Records drawn from a dataset:
+++

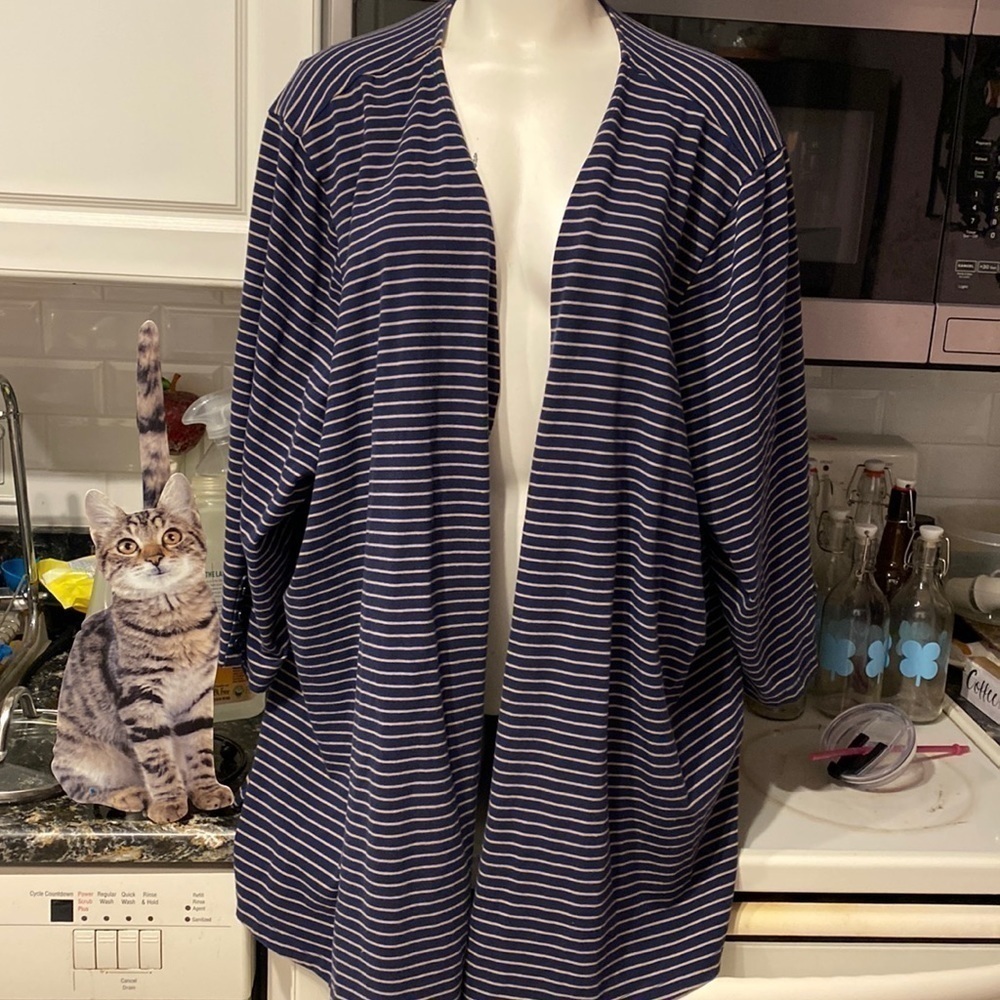 A womens Catherine’s 3/4 sleeve stretch worn open plus size cardigan size 5X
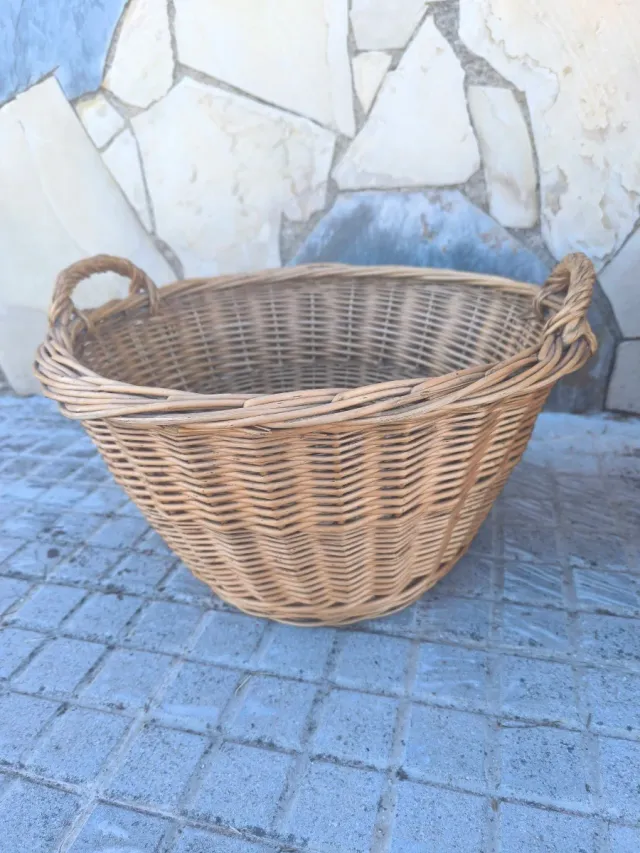 Cesta redonda de mimbre
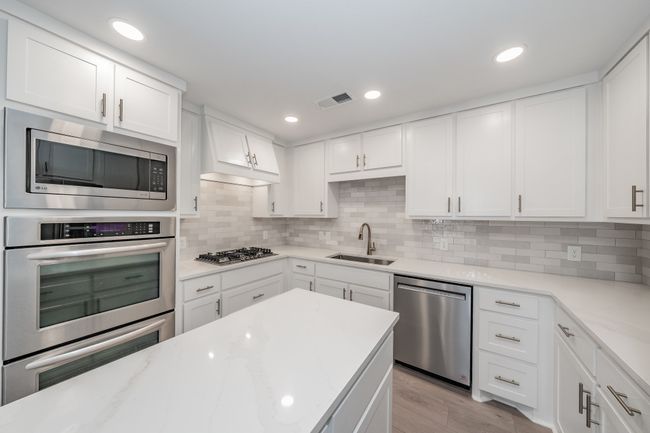 4605 Ranch View Rd, Home with 5 bedrooms, 5 bathrooms and 4 parking in Fort Worth TX | Image 20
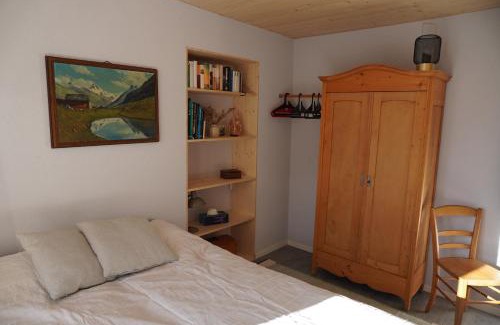 Evolene Apartamento | Renovierte Wohnung mit Ausblick für 1-2 Personen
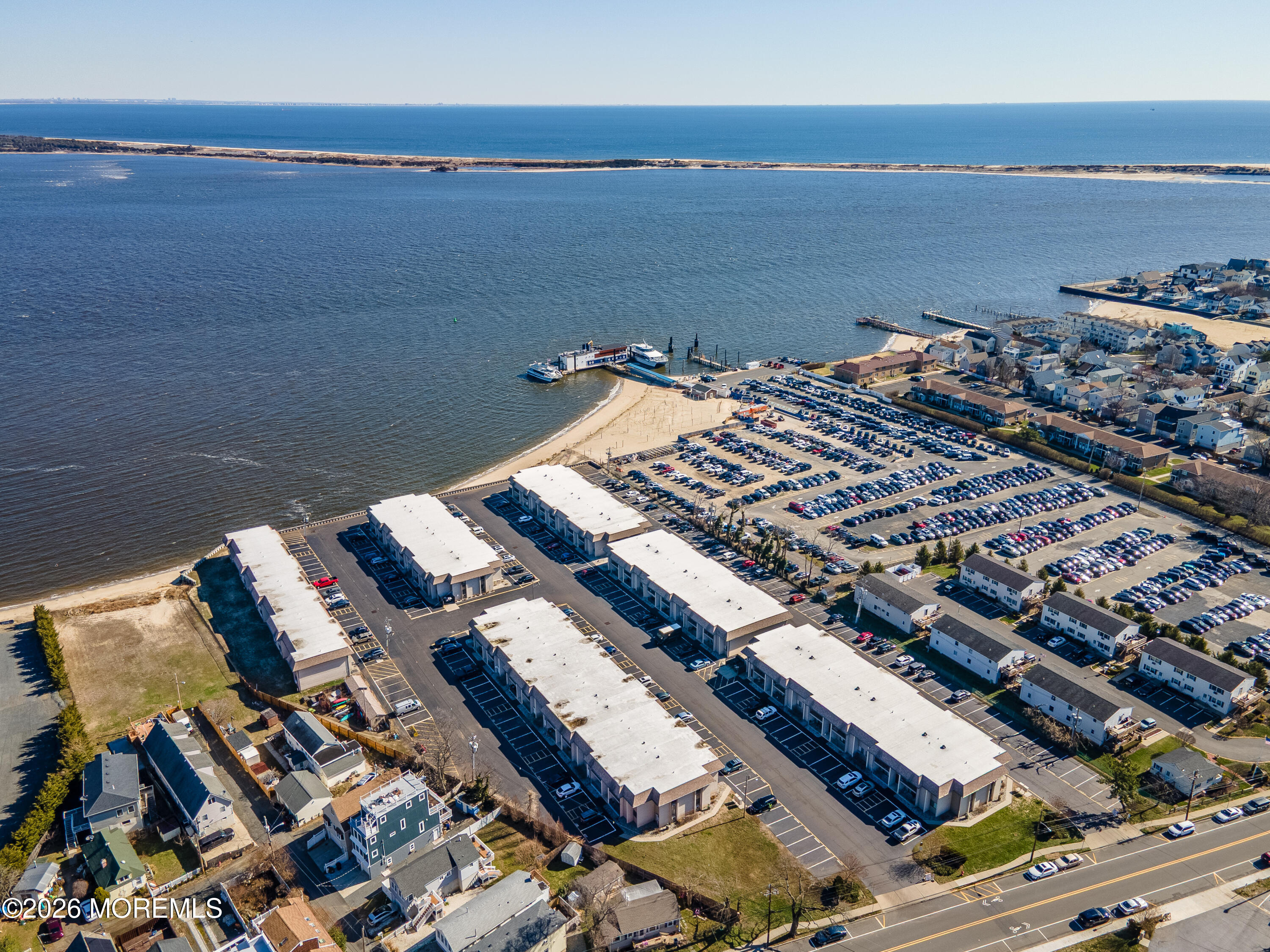 330 Shore Drive E2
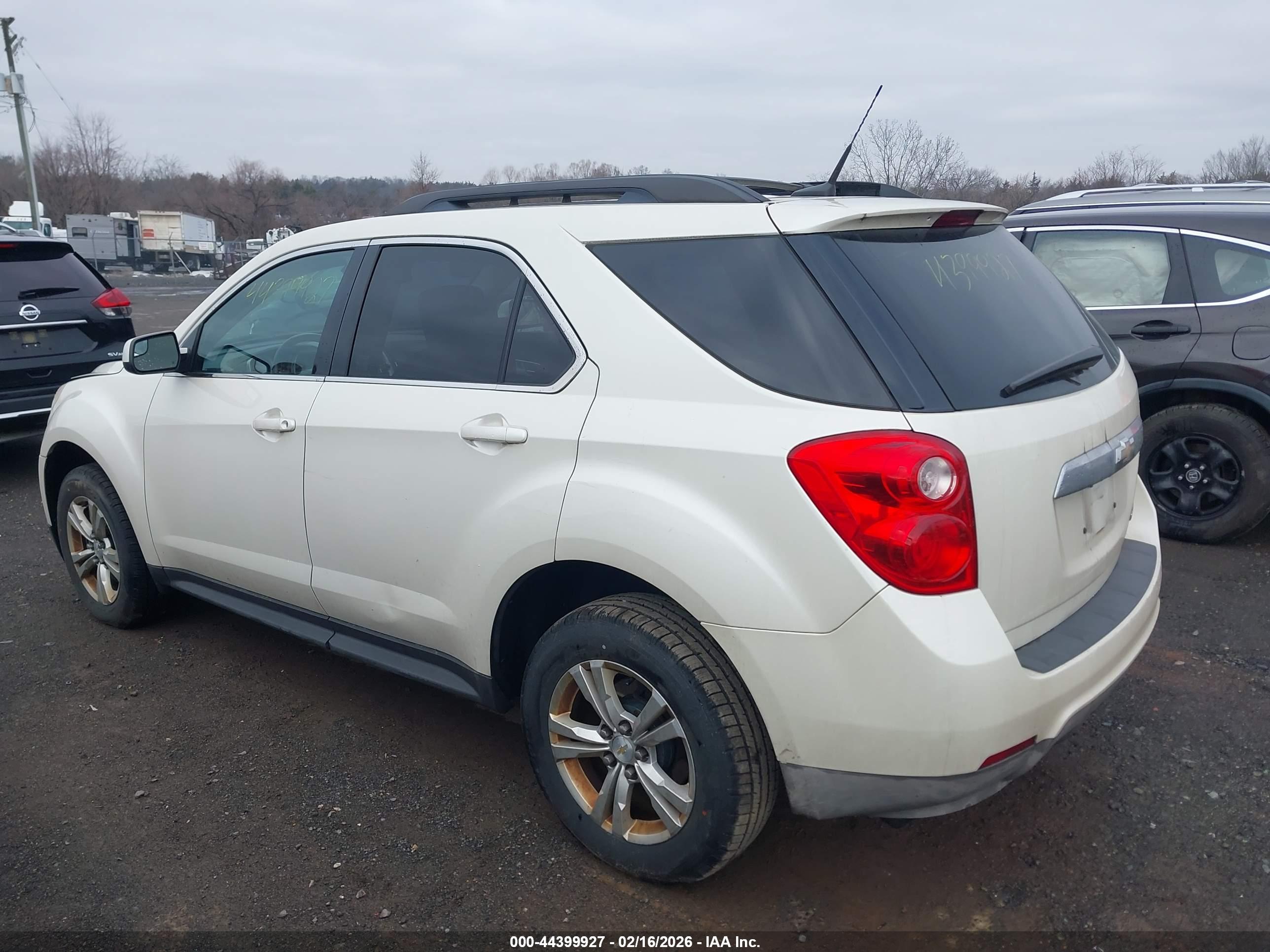 CHEVROLET EQUINOX image 3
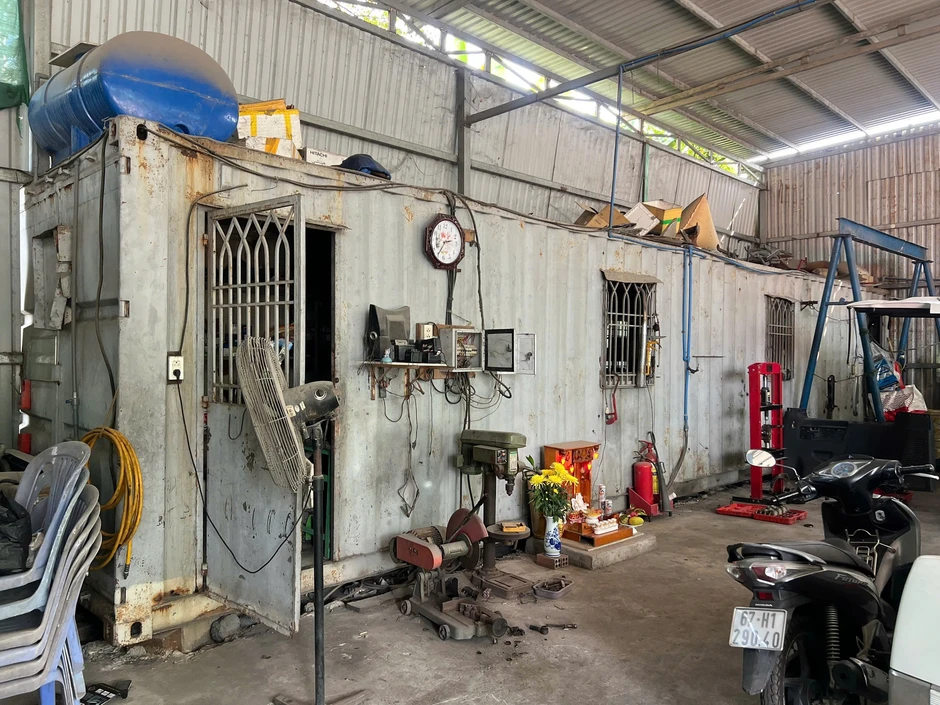 Hàng loạt vi phạm tại các bãi xe tự phát, phường Cát Lái ra quân xử lý Hàng loạt vi phạm tại các bãi xe tự phát, phường Cát Lái ra quân xử lý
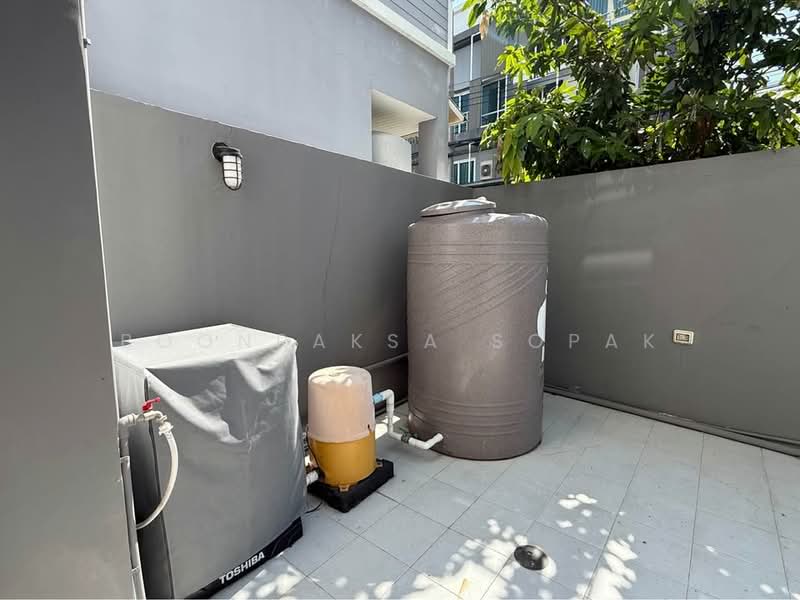 undefined, Bangkok, Wang Thonglang, Bangkok, 3 Bedrooms, 330 sqm, Townhouse For Rent, by Boonraksa Sopak, 500468516 - DDproperty.com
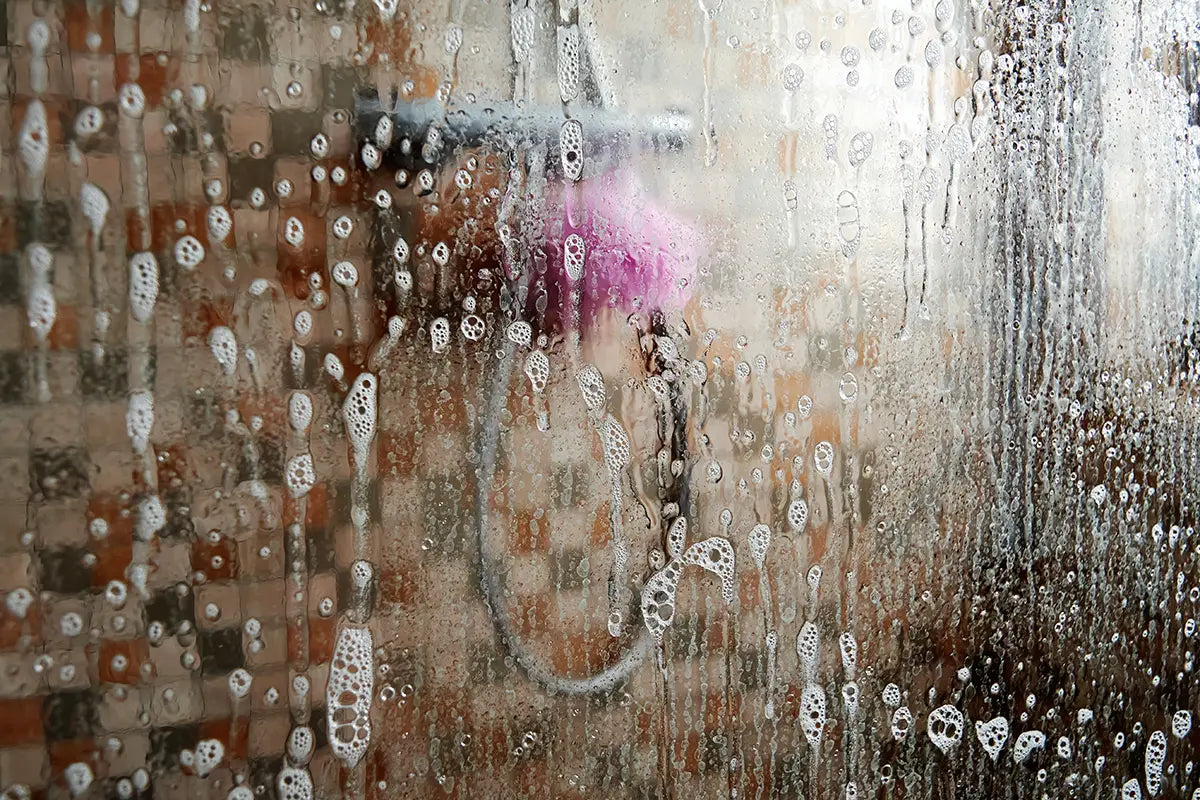 Kalkflecken und Kalkablagerungen in der Dusche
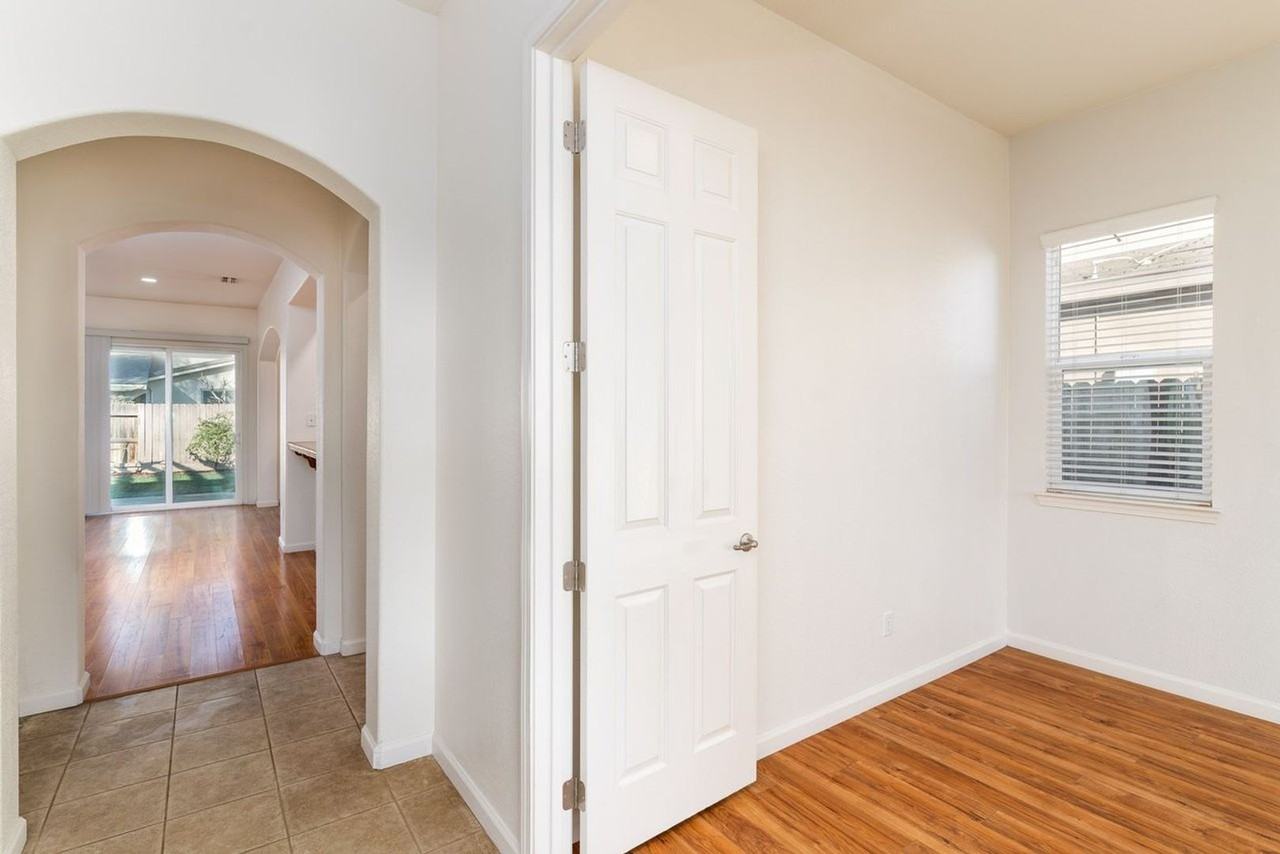 3350 W Stewart Ave - Photo 3 of 39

+++

» GOAL OF THE EXERCISE:
Exactly as written above, print every line of the data but not its pictures.

» YOUR SOLUTION:
 A womens Catherine’s 3/4 sleeve stretch worn open plus size cardigan size 5X
 Cesta redonda de mimbre
 4605 Ranch View Rd, Home with 5 bedrooms, 5 bathrooms and 4 parking in Fort Worth TX | Image 20
 Evolene Apartamento | Renovierte Wohnung mit Ausblick für 1-2 Personen
 330 Shore Drive E2
 CHEVROLET EQUINOX image 3
 Hàng loạt vi phạm tại các bãi xe tự phát, phường Cát Lái ra quân xử lý Hàng loạt vi phạm tại các bãi xe tự phát, phường Cát Lái ra quân xử lý
 undefined, Bangkok, Wang Thonglang, Bangkok, 3 Bedrooms, 330 sqm, Townhouse For Rent, by Boonraksa Sopak, 500468516 - DDproperty.com
 Kalkflecken und Kalkablagerungen in der Dusche
 3350 W Stewart Ave - Photo 3 of 39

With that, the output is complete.